• [Input data]:
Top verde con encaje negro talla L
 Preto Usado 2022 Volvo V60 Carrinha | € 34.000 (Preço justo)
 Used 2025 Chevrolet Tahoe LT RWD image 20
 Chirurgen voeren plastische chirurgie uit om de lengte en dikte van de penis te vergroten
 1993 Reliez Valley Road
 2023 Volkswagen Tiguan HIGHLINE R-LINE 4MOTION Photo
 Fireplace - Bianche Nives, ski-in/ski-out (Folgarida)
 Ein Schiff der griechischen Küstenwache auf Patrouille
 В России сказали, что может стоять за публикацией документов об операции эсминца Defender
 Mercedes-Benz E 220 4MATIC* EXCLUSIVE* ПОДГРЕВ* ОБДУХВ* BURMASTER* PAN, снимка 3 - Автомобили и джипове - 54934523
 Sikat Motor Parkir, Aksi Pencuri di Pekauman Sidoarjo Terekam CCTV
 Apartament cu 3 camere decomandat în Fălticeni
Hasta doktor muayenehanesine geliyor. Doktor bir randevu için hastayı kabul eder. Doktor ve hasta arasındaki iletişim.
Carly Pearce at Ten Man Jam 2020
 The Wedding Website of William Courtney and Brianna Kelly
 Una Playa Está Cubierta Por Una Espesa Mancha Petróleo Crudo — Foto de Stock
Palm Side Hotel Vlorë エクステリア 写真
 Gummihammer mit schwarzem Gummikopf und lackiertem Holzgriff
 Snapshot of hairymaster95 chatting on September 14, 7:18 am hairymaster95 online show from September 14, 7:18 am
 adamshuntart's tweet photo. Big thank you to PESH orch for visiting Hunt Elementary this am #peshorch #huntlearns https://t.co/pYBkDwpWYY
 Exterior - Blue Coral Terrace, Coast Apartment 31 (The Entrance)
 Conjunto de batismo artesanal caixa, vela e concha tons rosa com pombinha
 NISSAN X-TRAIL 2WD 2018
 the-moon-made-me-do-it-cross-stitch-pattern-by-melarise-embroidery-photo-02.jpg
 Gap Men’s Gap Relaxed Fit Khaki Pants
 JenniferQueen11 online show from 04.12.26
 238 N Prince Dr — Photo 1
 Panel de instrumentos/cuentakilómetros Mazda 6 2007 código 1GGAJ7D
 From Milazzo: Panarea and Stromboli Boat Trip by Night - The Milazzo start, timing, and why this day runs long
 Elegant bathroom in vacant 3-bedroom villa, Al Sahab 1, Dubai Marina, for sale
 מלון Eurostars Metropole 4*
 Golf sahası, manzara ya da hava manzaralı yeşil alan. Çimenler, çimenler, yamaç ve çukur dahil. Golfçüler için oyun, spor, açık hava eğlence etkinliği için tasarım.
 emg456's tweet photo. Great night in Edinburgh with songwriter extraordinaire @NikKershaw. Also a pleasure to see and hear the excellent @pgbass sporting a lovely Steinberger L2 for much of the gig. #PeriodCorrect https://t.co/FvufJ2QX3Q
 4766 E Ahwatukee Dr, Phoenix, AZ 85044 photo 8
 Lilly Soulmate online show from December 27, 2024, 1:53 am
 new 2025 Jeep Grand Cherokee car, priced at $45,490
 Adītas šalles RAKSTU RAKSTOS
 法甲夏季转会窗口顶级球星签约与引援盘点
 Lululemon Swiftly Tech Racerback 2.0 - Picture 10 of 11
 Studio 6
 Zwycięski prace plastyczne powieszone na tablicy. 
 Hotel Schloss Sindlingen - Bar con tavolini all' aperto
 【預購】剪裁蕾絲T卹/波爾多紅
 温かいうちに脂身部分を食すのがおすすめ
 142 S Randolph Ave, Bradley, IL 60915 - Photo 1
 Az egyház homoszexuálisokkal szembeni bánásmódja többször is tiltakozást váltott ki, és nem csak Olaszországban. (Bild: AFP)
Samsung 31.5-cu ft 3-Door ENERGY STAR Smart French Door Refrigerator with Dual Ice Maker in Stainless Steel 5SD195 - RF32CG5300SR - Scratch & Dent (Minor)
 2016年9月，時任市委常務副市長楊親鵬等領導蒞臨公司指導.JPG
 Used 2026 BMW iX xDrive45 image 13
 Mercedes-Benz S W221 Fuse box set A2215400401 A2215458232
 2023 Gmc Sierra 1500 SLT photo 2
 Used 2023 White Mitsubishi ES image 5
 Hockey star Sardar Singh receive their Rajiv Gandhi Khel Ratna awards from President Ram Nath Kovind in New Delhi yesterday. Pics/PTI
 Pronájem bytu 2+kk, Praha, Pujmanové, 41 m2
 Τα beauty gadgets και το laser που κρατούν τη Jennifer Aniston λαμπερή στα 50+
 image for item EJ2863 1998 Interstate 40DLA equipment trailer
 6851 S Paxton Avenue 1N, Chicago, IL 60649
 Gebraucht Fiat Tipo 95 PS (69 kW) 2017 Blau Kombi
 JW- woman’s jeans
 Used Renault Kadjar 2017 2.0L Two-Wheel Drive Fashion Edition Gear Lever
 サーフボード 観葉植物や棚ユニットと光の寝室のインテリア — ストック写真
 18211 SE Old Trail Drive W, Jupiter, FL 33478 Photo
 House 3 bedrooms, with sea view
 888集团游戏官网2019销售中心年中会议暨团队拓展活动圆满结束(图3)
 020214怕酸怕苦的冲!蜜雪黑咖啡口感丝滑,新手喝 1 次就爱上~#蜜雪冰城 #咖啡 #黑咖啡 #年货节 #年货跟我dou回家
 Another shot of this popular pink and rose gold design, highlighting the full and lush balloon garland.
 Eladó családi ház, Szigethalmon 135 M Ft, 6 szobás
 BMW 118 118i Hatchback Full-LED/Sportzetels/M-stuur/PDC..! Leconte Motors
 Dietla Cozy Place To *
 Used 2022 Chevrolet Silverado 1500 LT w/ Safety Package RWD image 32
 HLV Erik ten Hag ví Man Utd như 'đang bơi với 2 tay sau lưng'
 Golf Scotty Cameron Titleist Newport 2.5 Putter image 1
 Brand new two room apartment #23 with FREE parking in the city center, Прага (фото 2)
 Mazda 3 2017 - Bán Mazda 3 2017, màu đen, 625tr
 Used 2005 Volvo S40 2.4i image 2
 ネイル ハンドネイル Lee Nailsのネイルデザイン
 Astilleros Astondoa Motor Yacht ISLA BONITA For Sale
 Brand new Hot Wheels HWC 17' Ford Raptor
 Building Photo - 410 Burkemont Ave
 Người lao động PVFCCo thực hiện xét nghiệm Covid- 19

• [What you have to do]:
Using the listing above, work out how many lines contain the string "Mercedes" and return only that number.

• [Answer area]:
2